Segment Open

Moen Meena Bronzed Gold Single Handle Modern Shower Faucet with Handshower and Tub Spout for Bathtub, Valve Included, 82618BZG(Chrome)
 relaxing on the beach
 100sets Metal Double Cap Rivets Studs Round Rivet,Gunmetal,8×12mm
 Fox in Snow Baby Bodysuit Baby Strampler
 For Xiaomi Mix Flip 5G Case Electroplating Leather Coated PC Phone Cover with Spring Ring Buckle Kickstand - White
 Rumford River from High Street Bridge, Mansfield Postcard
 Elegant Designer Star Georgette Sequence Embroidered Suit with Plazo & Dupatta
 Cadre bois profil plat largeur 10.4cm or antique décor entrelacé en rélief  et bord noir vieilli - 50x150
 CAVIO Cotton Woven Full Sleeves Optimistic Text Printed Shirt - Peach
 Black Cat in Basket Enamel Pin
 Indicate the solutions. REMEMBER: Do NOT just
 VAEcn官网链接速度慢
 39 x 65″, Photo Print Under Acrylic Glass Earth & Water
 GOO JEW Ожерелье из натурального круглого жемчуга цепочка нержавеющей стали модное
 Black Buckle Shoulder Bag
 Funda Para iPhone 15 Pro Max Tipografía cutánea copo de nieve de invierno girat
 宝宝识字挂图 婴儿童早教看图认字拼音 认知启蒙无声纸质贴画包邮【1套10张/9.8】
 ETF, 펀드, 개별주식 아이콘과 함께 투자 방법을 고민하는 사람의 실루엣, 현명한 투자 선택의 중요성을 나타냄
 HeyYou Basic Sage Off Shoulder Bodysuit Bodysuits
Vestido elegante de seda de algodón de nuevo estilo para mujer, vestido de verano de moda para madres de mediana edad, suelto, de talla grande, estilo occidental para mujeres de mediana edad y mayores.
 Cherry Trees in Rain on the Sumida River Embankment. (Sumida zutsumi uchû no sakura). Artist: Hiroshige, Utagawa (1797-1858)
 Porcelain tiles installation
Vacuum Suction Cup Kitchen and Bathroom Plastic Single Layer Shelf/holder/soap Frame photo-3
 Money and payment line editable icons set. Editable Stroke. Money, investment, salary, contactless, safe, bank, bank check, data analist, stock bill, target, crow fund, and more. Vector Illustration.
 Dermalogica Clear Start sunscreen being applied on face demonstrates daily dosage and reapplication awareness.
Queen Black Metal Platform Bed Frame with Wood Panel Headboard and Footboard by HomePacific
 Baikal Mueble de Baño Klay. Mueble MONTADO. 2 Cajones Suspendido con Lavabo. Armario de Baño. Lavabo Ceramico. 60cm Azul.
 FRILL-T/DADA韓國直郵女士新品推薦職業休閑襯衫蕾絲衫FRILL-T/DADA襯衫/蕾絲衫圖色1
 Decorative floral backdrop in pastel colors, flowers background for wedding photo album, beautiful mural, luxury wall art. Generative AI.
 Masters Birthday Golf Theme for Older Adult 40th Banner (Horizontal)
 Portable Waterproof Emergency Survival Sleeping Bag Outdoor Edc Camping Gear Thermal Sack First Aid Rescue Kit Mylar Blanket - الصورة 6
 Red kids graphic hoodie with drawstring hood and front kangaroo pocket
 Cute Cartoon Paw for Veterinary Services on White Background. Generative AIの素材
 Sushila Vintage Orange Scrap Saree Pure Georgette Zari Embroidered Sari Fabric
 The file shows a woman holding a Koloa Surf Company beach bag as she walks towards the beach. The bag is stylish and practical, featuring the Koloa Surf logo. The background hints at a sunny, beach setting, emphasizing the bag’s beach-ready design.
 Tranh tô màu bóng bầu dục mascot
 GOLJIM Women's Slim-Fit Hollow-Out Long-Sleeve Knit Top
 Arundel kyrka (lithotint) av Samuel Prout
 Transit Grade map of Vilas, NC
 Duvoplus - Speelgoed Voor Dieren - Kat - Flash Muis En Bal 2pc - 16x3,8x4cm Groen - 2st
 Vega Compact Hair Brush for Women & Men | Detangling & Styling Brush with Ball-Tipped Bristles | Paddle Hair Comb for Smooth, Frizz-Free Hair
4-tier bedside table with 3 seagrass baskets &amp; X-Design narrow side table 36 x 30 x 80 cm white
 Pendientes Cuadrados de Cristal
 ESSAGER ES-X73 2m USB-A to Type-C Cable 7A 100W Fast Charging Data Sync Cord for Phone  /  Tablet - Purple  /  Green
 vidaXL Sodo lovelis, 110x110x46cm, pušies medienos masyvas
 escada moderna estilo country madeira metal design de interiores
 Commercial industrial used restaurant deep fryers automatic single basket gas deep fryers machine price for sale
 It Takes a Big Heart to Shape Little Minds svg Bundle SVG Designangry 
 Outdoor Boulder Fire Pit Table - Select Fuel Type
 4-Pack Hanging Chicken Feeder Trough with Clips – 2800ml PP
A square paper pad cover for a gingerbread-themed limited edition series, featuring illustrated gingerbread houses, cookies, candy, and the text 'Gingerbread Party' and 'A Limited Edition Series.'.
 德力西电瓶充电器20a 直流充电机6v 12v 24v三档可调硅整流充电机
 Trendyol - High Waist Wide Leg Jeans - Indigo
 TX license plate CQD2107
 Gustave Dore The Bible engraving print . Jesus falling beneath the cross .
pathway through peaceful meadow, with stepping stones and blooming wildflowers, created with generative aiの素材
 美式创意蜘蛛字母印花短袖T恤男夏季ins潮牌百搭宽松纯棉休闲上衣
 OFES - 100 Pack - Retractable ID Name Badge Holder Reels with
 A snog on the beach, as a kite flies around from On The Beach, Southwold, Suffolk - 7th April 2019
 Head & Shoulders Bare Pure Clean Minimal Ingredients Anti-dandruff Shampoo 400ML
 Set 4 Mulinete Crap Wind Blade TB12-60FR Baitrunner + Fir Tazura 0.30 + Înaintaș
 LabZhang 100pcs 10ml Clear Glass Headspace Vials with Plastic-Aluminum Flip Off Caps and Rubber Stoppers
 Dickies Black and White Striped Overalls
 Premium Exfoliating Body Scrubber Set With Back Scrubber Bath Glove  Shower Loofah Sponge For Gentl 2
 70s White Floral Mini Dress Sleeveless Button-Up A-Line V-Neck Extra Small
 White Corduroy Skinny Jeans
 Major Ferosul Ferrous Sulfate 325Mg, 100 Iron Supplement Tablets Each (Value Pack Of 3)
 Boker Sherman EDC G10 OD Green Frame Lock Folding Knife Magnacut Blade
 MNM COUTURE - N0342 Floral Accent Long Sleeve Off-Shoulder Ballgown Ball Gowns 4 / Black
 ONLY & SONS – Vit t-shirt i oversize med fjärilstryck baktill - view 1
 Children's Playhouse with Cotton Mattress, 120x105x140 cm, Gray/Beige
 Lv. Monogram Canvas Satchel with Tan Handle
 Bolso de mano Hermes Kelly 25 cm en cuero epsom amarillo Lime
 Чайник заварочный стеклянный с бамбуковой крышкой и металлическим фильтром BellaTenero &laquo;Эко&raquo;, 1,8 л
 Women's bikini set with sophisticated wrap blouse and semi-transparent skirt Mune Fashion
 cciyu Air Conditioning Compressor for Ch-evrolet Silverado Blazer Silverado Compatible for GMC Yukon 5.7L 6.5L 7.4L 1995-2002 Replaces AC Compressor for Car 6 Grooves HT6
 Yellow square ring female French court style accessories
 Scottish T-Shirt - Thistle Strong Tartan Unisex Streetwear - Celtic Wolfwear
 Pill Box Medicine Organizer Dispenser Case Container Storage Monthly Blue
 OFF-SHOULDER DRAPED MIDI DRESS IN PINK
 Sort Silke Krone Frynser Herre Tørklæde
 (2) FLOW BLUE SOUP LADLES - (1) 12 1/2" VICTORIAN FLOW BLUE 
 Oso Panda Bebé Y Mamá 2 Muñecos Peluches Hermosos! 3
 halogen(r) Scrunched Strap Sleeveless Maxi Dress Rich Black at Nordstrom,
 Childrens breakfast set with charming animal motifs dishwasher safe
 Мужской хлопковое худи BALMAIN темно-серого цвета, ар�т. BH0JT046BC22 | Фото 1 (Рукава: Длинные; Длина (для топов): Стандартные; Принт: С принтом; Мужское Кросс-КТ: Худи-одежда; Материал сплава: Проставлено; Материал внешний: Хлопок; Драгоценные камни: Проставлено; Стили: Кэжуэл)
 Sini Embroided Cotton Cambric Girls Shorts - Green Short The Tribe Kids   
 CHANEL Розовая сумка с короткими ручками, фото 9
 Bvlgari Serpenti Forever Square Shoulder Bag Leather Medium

Segment Closed

(Problem description) The lines from the one with "Children's Playhouse with" through the end of the data above are to be set down exactly, with both boundary lines included and no other lines.

(Your response)
 Children's Playhouse with Cotton Mattress, 120x105x140 cm, Gray/Beige
 Lv. Monogram Canvas Satchel with Tan Handle
 Bolso de mano Hermes Kelly 25 cm en cuero epsom amarillo Lime
 Чайник заварочный стеклянный с бамбуковой крышкой и металлическим фильтром BellaTenero &laquo;Эко&raquo;, 1,8 л
 Women's bikini set with sophisticated wrap blouse and semi-transparent skirt Mune Fashion
 cciyu Air Conditioning Compressor for Ch-evrolet Silverado Blazer Silverado Compatible for GMC Yukon 5.7L 6.5L 7.4L 1995-2002 Replaces AC Compressor for Car 6 Grooves HT6
 Yellow square ring female French court style accessories
 Scottish T-Shirt - Thistle Strong Tartan Unisex Streetwear - Celtic Wolfwear
 Pill Box Medicine Organizer Dispenser Case Container Storage Monthly Blue
 OFF-SHOULDER DRAPED MIDI DRESS IN PINK
 Sort Silke Krone Frynser Herre Tørklæde
 (2) FLOW BLUE SOUP LADLES - (1) 12 1/2" VICTORIAN FLOW BLUE 
 Oso Panda Bebé Y Mamá 2 Muñecos Peluches Hermosos! 3
 halogen(r) Scrunched Strap Sleeveless Maxi Dress Rich Black at Nordstrom,
 Childrens breakfast set with charming animal motifs dishwasher safe
 Мужской хлопковое худи BALMAIN темно-серого цвета, ар�т. BH0JT046BC22 | Фото 1 (Рукава: Длинные; Длина (для топов): Стандартные; Принт: С принтом; Мужское Кросс-КТ: Худи-одежда; Материал сплава: Проставлено; Материал внешний: Хлопок; Драгоценные камни: Проставлено; Стили: Кэжуэл)
 Sini Embroided Cotton Cambric Girls Shorts - Green Short The Tribe Kids   
 CHANEL Розовая сумка с короткими ручками, фото 9
 Bvlgari Serpenti Forever Square Shoulder Bag Leather Medium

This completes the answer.